For a FREE and Enterprise capable database, try MAX-DB. It is certified by SAP as capable of running their applications, and it is really a very mature product that has been around for 20 years in various guises.

Access is fine for playing around.

CriticalThanking · Mar 9, 2006

My apologies for speaking American instead of English.

BI is the current fun part of databases. Relational Database Management Systems (RDBMS) are almost a commodity. But what gives you an insight into your business that simple SQL may not easily by able to give?

You had to ask...

[pedant]
BI = Business Intelligence
Fancy words for looking at trends and patters across data, rather than at the individual transactions.

OnLine Analytical Processing (OLAP) and Data Mining are flavors of BI. OLAP can be thought of as seeing aggregated numerical measures by one or more dimensions. For example, I want to see sales by region, profit by product line, or number of cries for "evidence" per JREF poster. Again - the individual transactions are only relevant as fodder for the aggregated analysis by these pre-defined dimensions. I can quickly sort through the aggregated data and find the stores with the best/worst measures. Which store has the best sales? Which has the worst profit? Which JREF thread has the least signal to noise ratio? I could do this with raw SQL, but the cost is WAY too high when you want to pivot the multiple dimensions. There is specialized software to process, slice and dice data in this manner. Microsoft has an entire language called MuliDimensional Expressions (MDX) for this purpose. MDX is like SQL on steriods.

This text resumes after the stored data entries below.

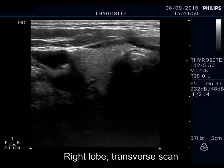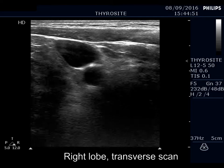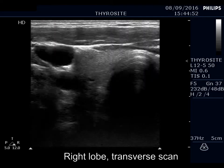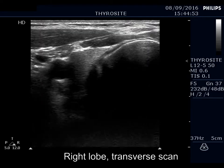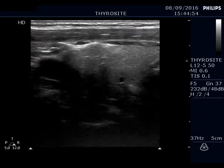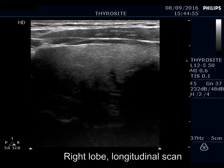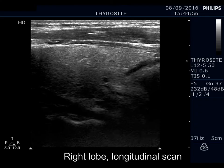The right lobe is ecnormal. There are hypoechoic areas in the dorsal part of the lobe due to the improper setting of the focus.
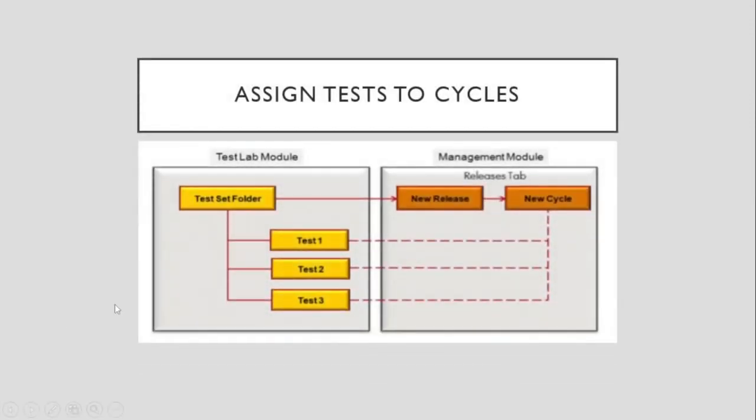Next is Assigning tests to cycles. A test set folder in the test lab module contains the tests that are covered by the requirements. For now, we don't have to worry about this as we're just talking about releases. But let's discuss this anyway. Test set folders are assigned to a cycle to review the progress of the tests in the Management Module, determine the number of resolved and outstanding defects at a release or a cycle level, and enhance the granularity of reporting for the test set folders. For now, we'll end on this.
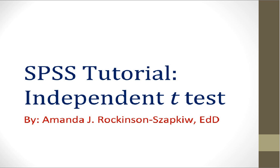Welcome to the SPSS tutorial for independent t-tests. This is Dr. Amanda Rackinson-Zapkew. In this tutorial I'm going to show you how to conduct an independent t-test for a research problem using the statistical software SPSS.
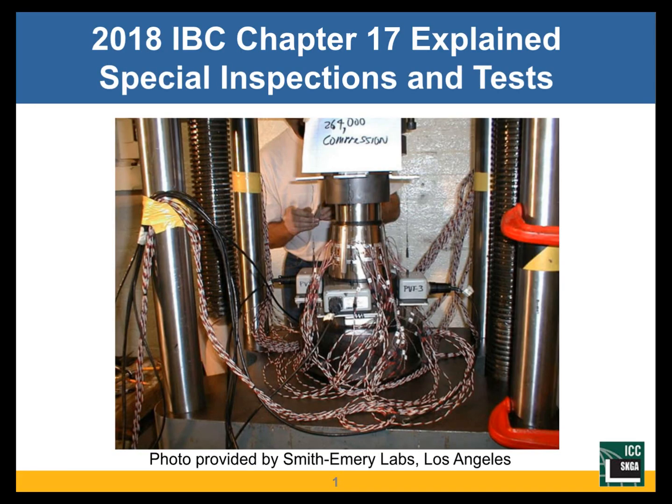When I was asked to do the presentation, I called Smith Emory Labs and asked them to send me some photos so that I could have some graphics. This is one of the photos that you're seeing right now that they sent.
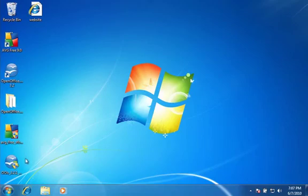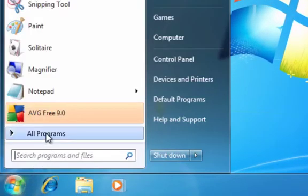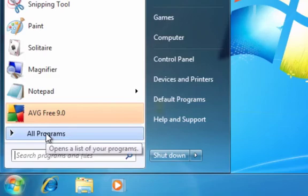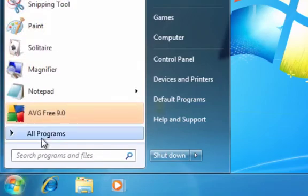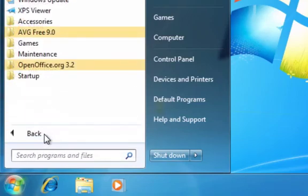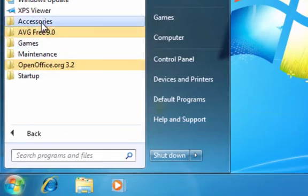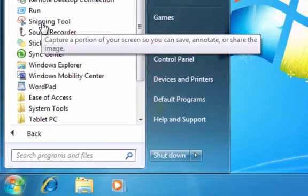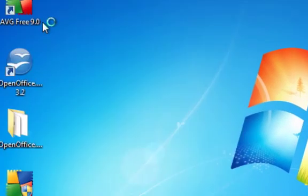You go down to the Start button down here and then go up to where it says All Programs and click that. Or you can just mouse over it, let it hover, and go up to Accessories, and then click Calculator.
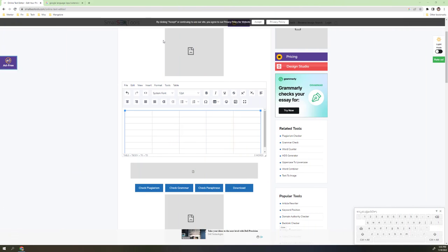How to type Kannada script online with the help of an online editor, easily and without downloading software like Google Input Tools where you can only type text format. With this method you can create Kannada tables, Excel sheets, Word documents, or PowerPoint presentations directly online by adding the Google Input Tools extension into Google Chrome or Firefox web browser.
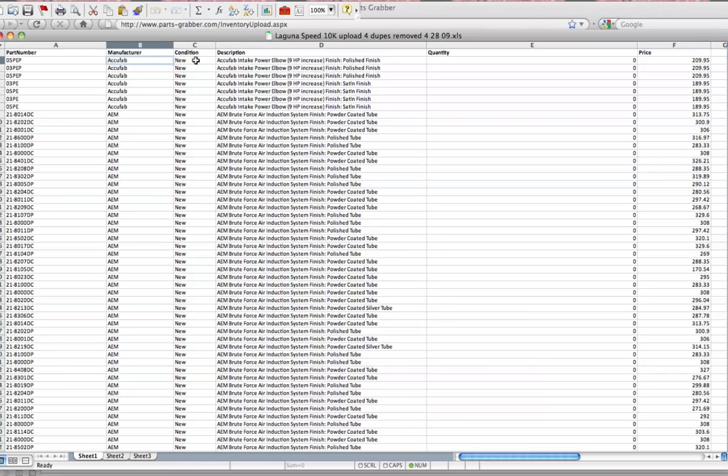The condition, as stated before, can be new, it can be used, or refurb. If you'd like to make it refurb, spell it R-E-F-B, and that'll apply more to manufacturers that are moving, let's say, return stock that they can't sell new, but it's almost as good as new. They can label it as refurb, so people understand it's refurb.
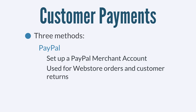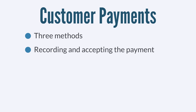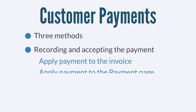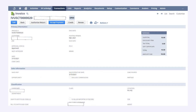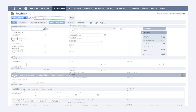Once a customer has used one of these three payment methods to pay for your goods or services, you would need to record the payment and accept it by either applying it to an invoice or applying it to the payment page. Applying a payment to an invoice is the faster route — simply view the invoice that corresponds to the payment and click the Accept Payment button, which opens a payment page auto-filled with the invoice information. On this page, you can record the payment method under the Payment Method sub-tab and apply the payment to the invoice under the Apply tab, then save the payment record.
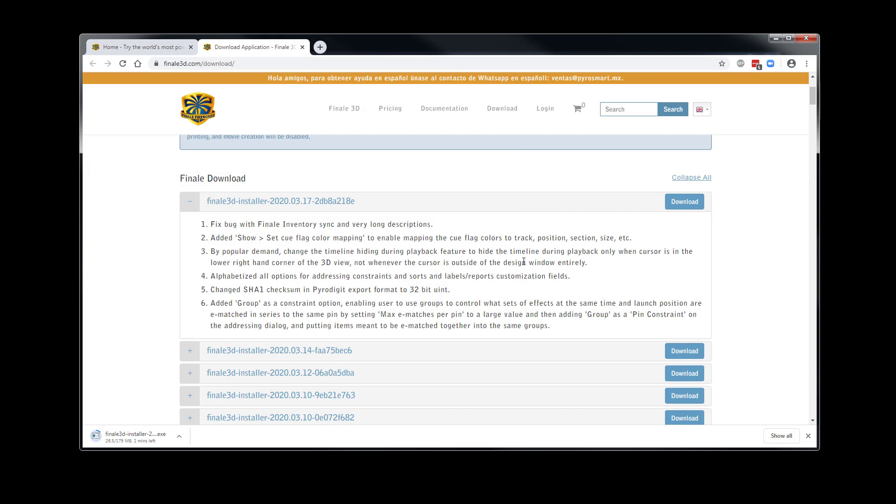While the software is downloading, this is a great opportunity to check out the release notes which show all the changes and new features in the latest release.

My definition of Data Mining is looking for patterns across data when the dimensions are not predefined. Now you are asking the Data Mining software to classify, group, cluster, or perhaps explain causal relationships in the data. For example, what are the common characteristics of fraudulent credit card transactions? What are the characteristics of person likely to default on a loan. What products placed together (or apart) on a grocery store shelf will maximize profit?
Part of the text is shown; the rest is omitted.